Table of Contents

1. Introduction

The term ‘looked after’ refers to children and young people who are provided with accommodation by the Local Authority or which is commissioned by the Local Authority for more than 24 hours. It places specific responsibilities on the local authority to safeguard and promote the child’s / young person’s welfare.

Children and young people who live away from home, whilst not being ‘looked after’, may still be vulnerable. Such settings include Private Fostering, healthcare, boarding schools (including residential special schools), prisons, young offenders’ institutions, secure training centres, secure units and army bases.

2. Safeguarding Looked After Children

Children and young people, either ‘looked after’ or living away from home, should be afforded the same essential safeguards against abuse, and practice needs to be framed on an understanding that there may be additional risks and vulnerabilities for children and young people living away from home.

Many agencies may be involved, but all should have policies and procedures that are in line with the Local Safeguarding Children Boards’ arrangements and ensure that children and young people have their general welfare promoted, are protected from harm and treated with dignity and respect.

When a referral is received concerning a child or young person who is looked after, the same procedures should be followed as for any child or young person. The duty to undertake Section 47 Enquiries when there are concerns about Significant Harm is the same.

In situations where an allegation is made against a member of staff, see Managing Allegations or Serious Concerns in Respect of Any Adult who Works or Volunteers with Children.

Where a Looked After Child remains the subject of a Child Protection Plan, there should be a single planning and reviewing process, led by the Independent Reviewing Officer (IRO), leading to the development of a single plan.

Consideration should be given to the IRO chairing the Child Protection Conference where a Looked After Child remains subject to a Child Protection Plan. Where that is not possible, it will be expected that the IRO will attend the Child Protection Review Conference.

The timing of the review of the child protection aspects of the Care Plan should be as per the frequency of the Looked After Review.

The Looked After Review, when reviewing the child protection aspects of the plan, should consider whether the criteria continue to be met for the child to remain the subject of a Child Protection Plan.

Consideration must be given to ensuring that the multi-agency contribution to the review of the Child Protection Plan is addressed within the review of the Care Plan.

Any changes to the child or young person’s care arrangements, or circumstances such as a return to their birth parents, should be discussed at the Looked After Review and the risks evaluated prior to decisions being made.

If a decision has been made by the court to return the child home, then the court’s directions should be clearly recorded in the Care Plan, particularly if the actions prescribed differ from those within that plan. All agencies must be notified in writing.

Professional disagreements in relation to the child’s case should be brought to the attention of the relevant senior manager and should be dealt with in line with the Resolution of Professional Disagreements Procedure.

3. Safeguarding Looked After Children who are placed for Adoption and in Foster Care from other Local Authorities

There are occasions where the Local Authority finds that children have been ‘placed’ in their area from other Local Authorities rather than merely ‘found’. As with all other groups of children in specific circumstances they should be afforded the same essential safeguards against abuse. Although the child remains the responsibility of the placing authority it should not interfere with swift and efficient investigation and subsequent support and protection to the child. In the event of a crime, prevention of a crime or where a child is suffering or likely to suffer Significant Harm it is recognised that the investigating responsibility lies with the Police Authority and Local Authority as to where the crime, potential crime takes place and where the child is found. However, It may be possible for the Local Authorities to negotiate as to which is best suited to continue the investigation. All other agencies where the child is placed should be willing and prepared to assist the placing responsible Local Authority in their duties of ensuring the welfare and safety of this particular group of children. In circumstances where the child/ren requires a Child Protection Plan this will be the placing authority’s responsibility to devise this and engage with the support agencies where the child is placed. The child’s name will appear on the transient list of the Local Authority in which they are placed.

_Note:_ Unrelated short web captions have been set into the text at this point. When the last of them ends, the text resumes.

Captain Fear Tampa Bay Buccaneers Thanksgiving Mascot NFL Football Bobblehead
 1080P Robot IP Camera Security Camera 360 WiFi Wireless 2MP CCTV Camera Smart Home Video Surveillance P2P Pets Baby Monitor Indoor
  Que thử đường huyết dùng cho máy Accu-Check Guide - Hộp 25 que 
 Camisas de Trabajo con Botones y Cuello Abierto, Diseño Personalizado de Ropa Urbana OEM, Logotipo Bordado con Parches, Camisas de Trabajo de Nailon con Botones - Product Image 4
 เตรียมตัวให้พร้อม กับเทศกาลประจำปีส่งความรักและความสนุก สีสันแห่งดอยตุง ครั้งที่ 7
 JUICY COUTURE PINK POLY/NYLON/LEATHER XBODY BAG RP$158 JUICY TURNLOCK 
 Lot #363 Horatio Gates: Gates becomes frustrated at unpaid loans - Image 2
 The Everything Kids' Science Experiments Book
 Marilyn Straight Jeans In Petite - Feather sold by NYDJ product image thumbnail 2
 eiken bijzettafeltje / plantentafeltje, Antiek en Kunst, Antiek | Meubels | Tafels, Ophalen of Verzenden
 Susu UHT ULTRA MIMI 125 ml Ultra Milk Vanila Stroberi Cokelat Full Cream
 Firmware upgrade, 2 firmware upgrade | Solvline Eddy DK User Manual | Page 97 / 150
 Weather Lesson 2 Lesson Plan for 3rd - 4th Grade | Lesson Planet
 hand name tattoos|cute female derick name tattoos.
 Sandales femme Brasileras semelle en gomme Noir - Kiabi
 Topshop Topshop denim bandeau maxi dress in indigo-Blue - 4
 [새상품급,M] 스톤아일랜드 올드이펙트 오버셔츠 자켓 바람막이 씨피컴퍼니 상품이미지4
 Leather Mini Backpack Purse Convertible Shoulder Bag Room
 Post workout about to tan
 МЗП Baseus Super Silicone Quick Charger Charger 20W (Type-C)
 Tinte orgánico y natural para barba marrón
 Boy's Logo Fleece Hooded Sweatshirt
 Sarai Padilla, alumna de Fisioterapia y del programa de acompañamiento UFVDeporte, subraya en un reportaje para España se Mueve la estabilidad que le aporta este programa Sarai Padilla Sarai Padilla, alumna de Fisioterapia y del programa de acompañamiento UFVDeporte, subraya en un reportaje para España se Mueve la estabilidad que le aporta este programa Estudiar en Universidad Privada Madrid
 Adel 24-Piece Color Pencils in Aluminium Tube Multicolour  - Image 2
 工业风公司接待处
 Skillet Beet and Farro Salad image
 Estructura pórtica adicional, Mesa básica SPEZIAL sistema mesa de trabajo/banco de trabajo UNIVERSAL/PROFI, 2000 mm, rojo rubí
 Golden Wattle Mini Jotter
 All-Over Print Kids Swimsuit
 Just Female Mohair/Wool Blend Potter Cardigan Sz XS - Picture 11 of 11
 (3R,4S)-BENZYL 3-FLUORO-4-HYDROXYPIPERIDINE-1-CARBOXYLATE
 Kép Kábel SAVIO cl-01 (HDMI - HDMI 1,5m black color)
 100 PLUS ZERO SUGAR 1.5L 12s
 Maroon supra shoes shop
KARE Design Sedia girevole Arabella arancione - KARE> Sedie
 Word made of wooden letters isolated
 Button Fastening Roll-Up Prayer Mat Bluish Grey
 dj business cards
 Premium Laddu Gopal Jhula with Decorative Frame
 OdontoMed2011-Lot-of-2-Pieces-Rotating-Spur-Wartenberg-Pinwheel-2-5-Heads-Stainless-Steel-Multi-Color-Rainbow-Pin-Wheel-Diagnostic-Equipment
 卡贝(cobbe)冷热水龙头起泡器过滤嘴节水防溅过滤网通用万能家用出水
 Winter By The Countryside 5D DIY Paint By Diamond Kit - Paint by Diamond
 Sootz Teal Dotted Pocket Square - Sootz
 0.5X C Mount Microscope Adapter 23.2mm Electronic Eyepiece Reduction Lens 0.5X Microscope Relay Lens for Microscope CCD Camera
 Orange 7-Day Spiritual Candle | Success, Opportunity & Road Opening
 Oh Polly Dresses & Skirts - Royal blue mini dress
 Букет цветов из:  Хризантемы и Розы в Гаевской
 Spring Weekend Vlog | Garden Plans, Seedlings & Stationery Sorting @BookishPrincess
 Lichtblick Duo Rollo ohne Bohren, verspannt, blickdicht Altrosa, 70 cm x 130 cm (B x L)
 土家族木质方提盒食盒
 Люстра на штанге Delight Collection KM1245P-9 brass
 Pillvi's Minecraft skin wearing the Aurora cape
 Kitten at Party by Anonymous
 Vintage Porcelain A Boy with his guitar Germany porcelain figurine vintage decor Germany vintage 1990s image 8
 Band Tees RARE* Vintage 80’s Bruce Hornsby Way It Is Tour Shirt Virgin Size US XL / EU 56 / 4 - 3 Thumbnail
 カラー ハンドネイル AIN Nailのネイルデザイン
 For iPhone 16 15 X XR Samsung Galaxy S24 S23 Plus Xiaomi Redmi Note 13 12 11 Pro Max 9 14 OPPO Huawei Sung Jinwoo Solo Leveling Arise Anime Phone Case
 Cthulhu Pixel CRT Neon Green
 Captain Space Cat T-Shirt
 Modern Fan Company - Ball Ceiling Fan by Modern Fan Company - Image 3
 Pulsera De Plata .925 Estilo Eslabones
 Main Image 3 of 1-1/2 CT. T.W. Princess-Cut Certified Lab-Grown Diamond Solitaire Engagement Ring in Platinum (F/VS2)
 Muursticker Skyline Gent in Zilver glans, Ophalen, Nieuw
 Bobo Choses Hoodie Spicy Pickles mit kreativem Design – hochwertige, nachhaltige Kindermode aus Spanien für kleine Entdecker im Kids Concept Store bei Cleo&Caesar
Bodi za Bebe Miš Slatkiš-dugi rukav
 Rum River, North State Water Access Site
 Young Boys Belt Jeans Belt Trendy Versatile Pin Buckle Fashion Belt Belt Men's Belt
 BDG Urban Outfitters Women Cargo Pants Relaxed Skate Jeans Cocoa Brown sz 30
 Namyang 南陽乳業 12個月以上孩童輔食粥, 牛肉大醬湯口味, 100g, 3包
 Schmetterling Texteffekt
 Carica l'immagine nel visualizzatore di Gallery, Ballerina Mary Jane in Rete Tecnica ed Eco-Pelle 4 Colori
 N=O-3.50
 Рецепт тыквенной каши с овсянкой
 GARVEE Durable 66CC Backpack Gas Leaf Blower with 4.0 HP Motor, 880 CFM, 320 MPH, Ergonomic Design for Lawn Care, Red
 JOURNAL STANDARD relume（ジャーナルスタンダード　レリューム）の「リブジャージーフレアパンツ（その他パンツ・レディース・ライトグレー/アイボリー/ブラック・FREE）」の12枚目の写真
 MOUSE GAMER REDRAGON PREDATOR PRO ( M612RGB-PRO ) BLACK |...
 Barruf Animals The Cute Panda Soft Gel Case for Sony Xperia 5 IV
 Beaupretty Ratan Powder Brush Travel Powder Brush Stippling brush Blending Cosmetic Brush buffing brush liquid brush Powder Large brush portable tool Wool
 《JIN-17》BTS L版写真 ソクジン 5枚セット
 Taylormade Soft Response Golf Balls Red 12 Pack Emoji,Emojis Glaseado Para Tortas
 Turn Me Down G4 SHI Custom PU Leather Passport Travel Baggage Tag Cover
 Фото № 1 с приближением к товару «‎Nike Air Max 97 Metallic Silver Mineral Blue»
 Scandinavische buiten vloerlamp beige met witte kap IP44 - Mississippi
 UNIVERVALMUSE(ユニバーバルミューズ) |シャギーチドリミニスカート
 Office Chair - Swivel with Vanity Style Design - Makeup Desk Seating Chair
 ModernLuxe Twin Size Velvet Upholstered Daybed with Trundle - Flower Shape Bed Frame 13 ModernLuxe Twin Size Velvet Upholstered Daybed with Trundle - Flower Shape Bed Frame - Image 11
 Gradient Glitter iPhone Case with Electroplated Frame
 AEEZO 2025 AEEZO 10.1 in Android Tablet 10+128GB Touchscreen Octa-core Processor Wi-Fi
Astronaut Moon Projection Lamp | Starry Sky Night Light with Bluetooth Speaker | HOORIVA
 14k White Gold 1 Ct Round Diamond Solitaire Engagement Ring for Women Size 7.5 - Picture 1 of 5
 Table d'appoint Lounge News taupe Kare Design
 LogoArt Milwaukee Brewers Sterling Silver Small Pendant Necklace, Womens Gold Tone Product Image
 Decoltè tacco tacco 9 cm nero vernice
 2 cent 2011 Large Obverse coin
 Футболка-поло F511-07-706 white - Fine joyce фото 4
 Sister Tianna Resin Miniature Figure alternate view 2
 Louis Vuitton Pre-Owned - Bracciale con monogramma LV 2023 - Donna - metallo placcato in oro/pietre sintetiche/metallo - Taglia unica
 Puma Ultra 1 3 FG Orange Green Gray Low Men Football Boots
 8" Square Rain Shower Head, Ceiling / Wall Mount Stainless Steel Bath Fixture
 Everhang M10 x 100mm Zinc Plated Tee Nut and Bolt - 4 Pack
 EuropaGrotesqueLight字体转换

4. Safeguarding Looked After Children who are placed for Adoption and in Foster Care outside the County Boundaries

There will be a number of the population of children who are Looked After who, for a number of reasons, reside outside of the boundaries of the responsible Local Authority. These children are still the corporate responsibility of the placing Local Authority and are often the most vulnerable of the Looked After population. There should be clear productive communication paths between agencies from where the child originates and those in the authority where the child is placed. The child should be entitled to any other services in the area of their placement as any other child who resides in that area.

5. Investigating Historical Abuse of Children who are Looked after by the Local Authority

The Local Authority should investigate historical abuse and consider issues of Significant Harm in relation to that child/ren and further the impact of any other children that may be exposed to a similar risk at the present time or the future. Children’s allegations should not be dismissed once they are considered to be ‘safe’ in Care. The child’s welfare, the therapeutic benefits of investigation and the safety of others should be considerations when deciding as to how far to proceed with historical allegations.